Douze aveugles en pleine nature attendent le retour d’un prêtre qui les a guidés jusque là. Mais ce prêtre est mort parmi eux. Le dénouement est donné d’emblée au spectateur voyant, à l’insu des protagonistes aveugles : ils sont perdus, ils ne le savent pas encore.
Dans ce poème presque immobile, la seule action réside dans la lente découverte, par un groupe disparate de personnes traversées par les mêmes sensations, de leur solitude dans un monde qu’ils ne comprennent pas et de l’imminence de leur disparition. Le texte est un entrelacs de motifs simples, une partition précise de silences et de mots, de répétitions, de cris confus et de respirations.
Il ne raconte rien, mais il produit de l’espace, du froid, du temps, un monde de visions affectant les sens. Il appelle une mise en oeuvre chorale de la parole, avec une attention particulière aux questions du son, de la spatialité des voix, des tessitures. Plus qu’une scénographie, il exige la constitution d’un véritable paysage de la voix, à travers l’expérience d’une perception de l’espace qui ne passe plus exclusivement par le visible.

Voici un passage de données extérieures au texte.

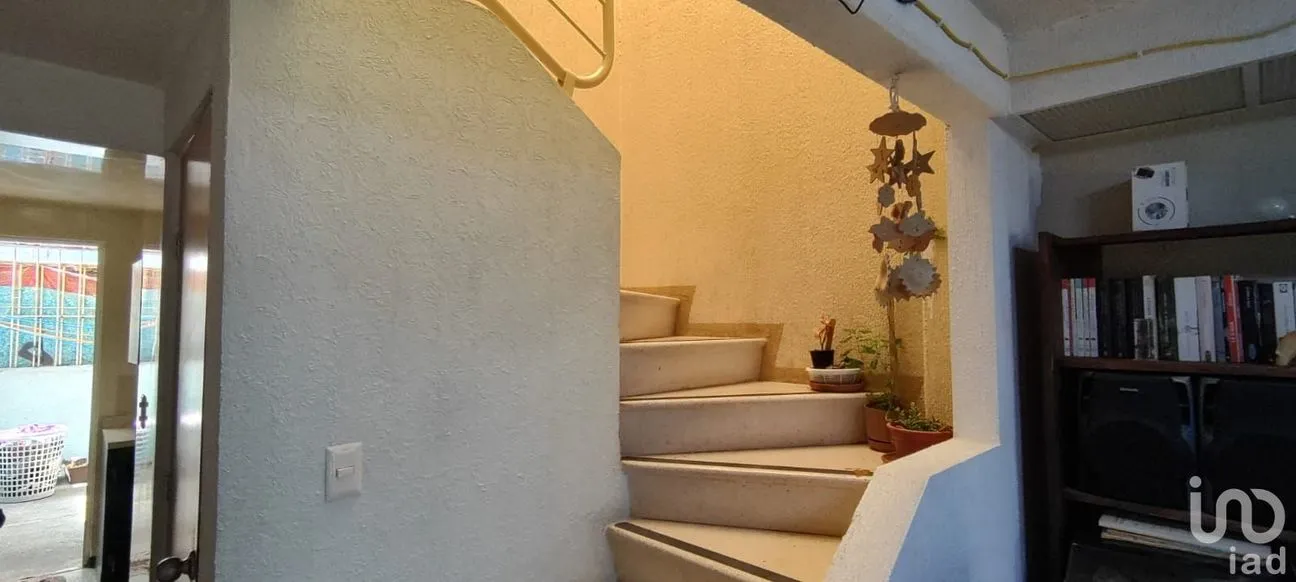 Casa en Venta en Los Héroes Tecámac II, Tecámac, México | NEX-240665 | iad México | Foto 7 de 27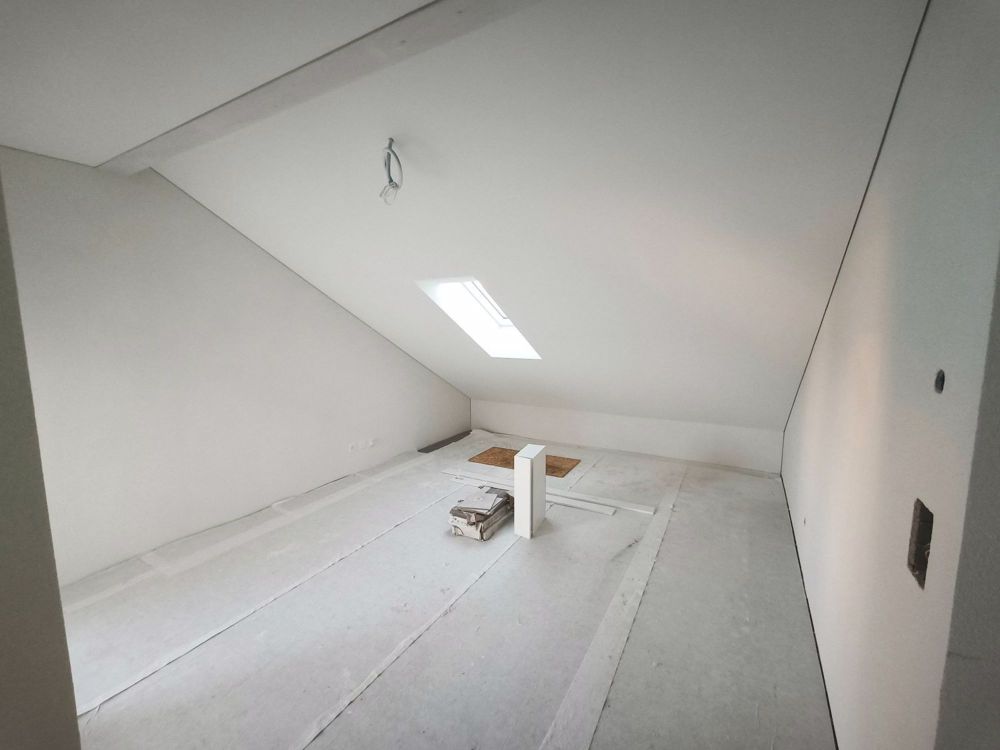 Charmantes Neubau-Dachgeschosswohnung mit 2 Zimmern - Bild 2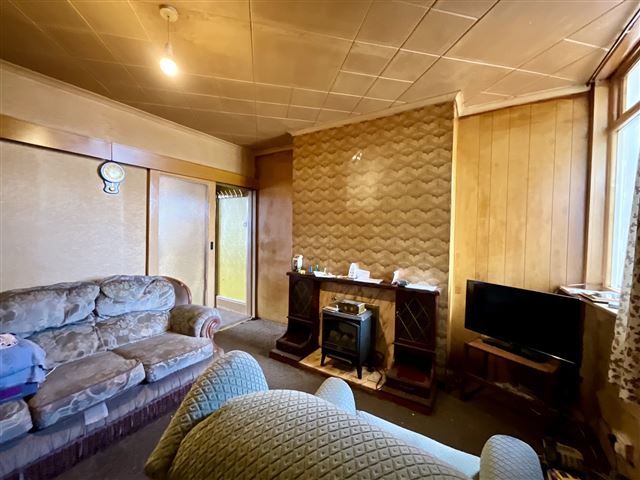 Property photo 3 of 12 Sitting Room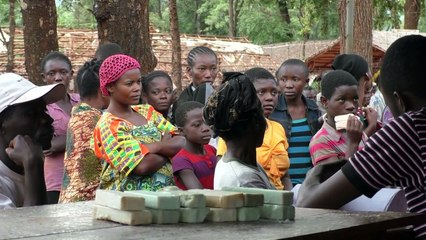 اعادة توطين نصف المقيمين في آخر مخيمات اللاجئين في تنزانيا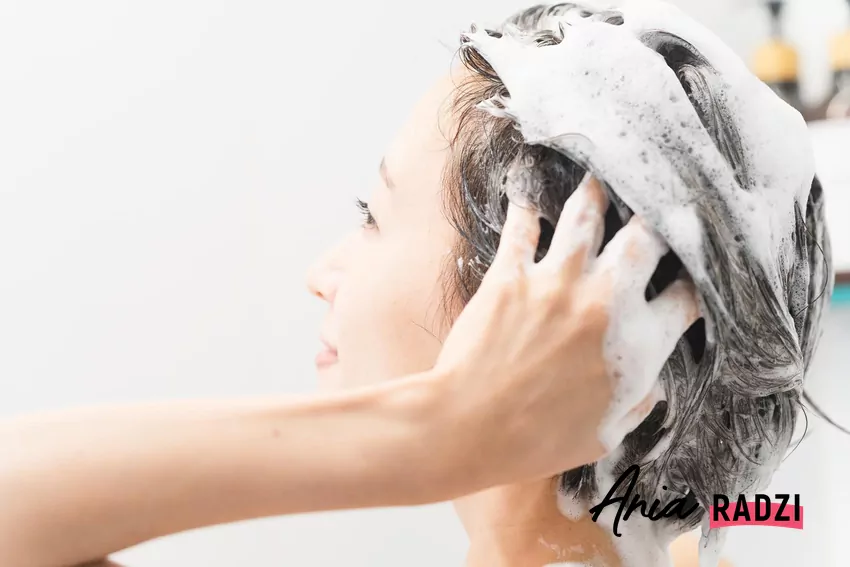 Ciekawy sposób na mycie włosów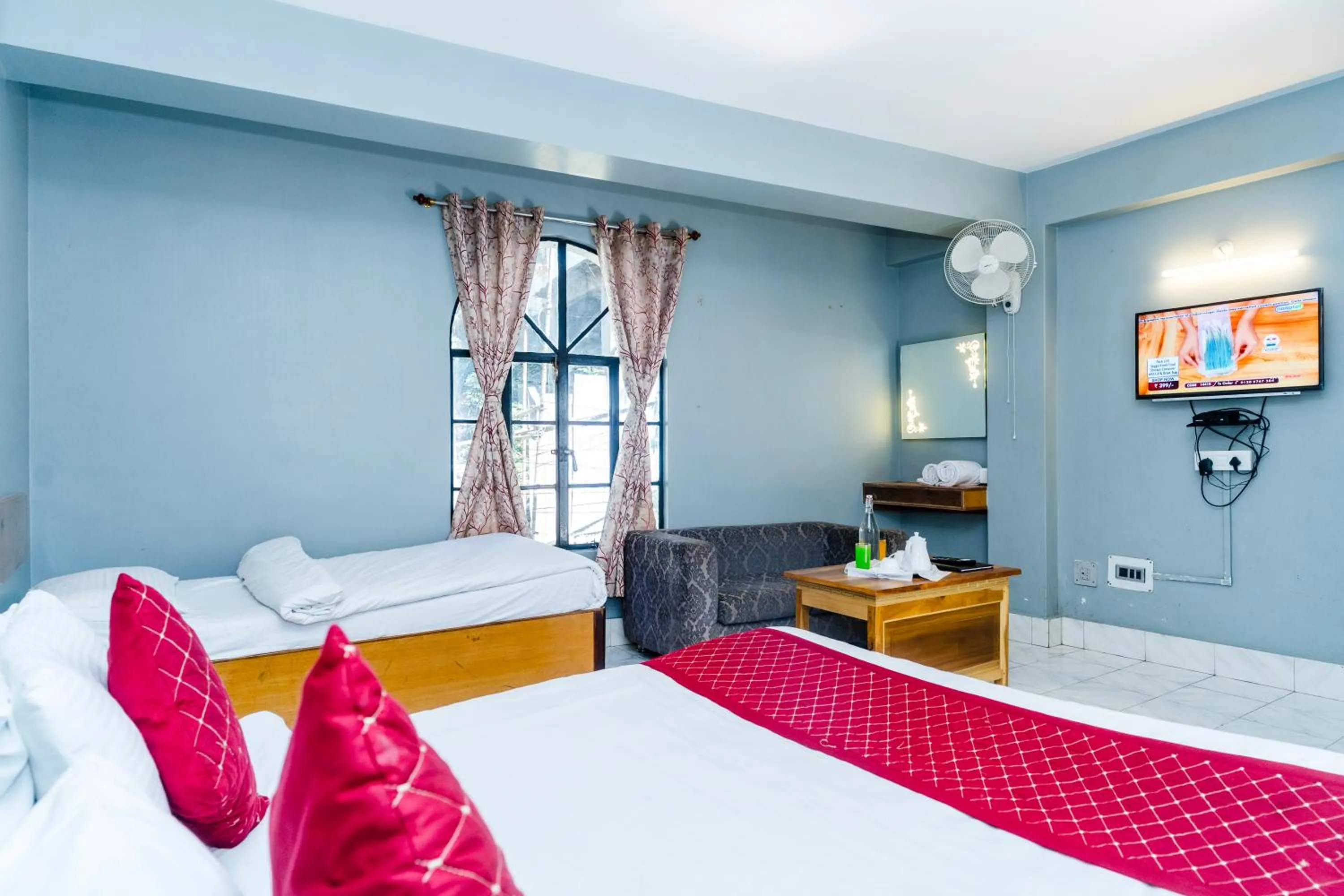 Communal lounge/ TV room, Bed in Sparrow Juniper Tree 2 min walk To Mg Marg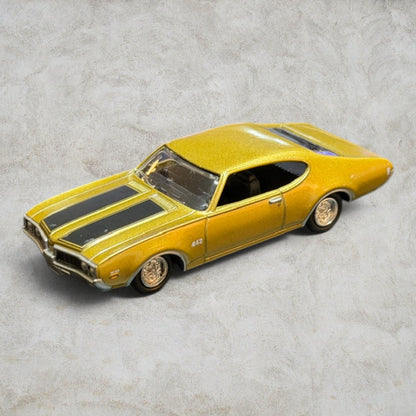 #1408 2001 High Speed 1:64 1969 Oldsmobile 442 Gold Diecast Car – Reader’s Digest GM Licensed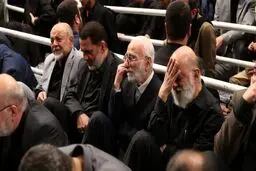 کدام چهره‌های سیاسی در مراسم عزاداری شب عاشورای بیت رهبری حضور داشتند؟
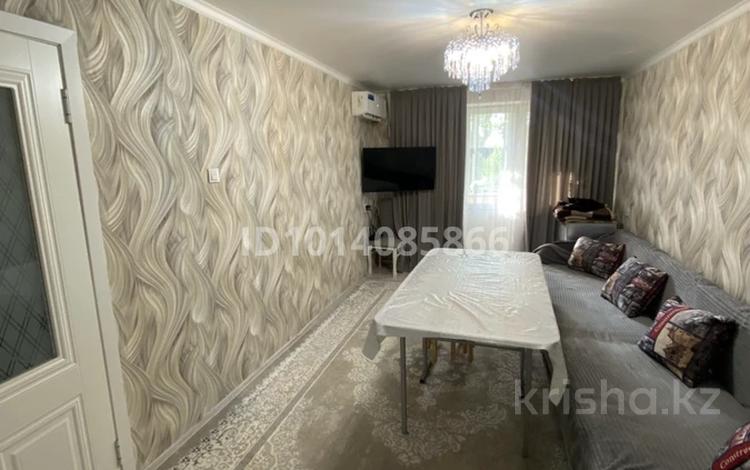 3-комнатная квартира · 62.7 м² · 5/5 этаж, мкр Салтанат 26 — Рядом 3/4 базар,Фиркан супермаркет,корзинка,остоновка,аптеки,школа 30,садики ,поликлиника 2 за 20 млн ₸ в Таразе — фото 2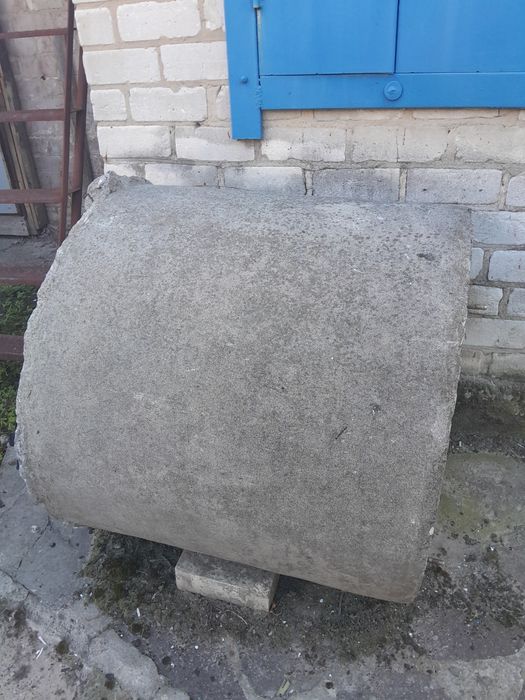 Продам бетонне кільце метрове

De quoi regarder ce qui nous entoure autrement et reconsidérer le prix de chaque chose. De quoi, peut-être, repenser la communauté. Avec ce spectacle, Daniel Jeanneteau choisit de ne rien traiter du visible : ni costumes, ni décor, ni lumières. Son dispositif mêle public et acteurs en un groupe indifférencié. Les voix, anonymes, qui en émanent, et le travail du son d’Alain Mahé (en collaboration avec l’Ircam) évoquent pour le spectateur (les yeux fermés ?) une humanité ordinaire, sans histoire et sans identité, le mouvement du monde, de la nature, et l’infini travail des forces qui agissent sur les vies.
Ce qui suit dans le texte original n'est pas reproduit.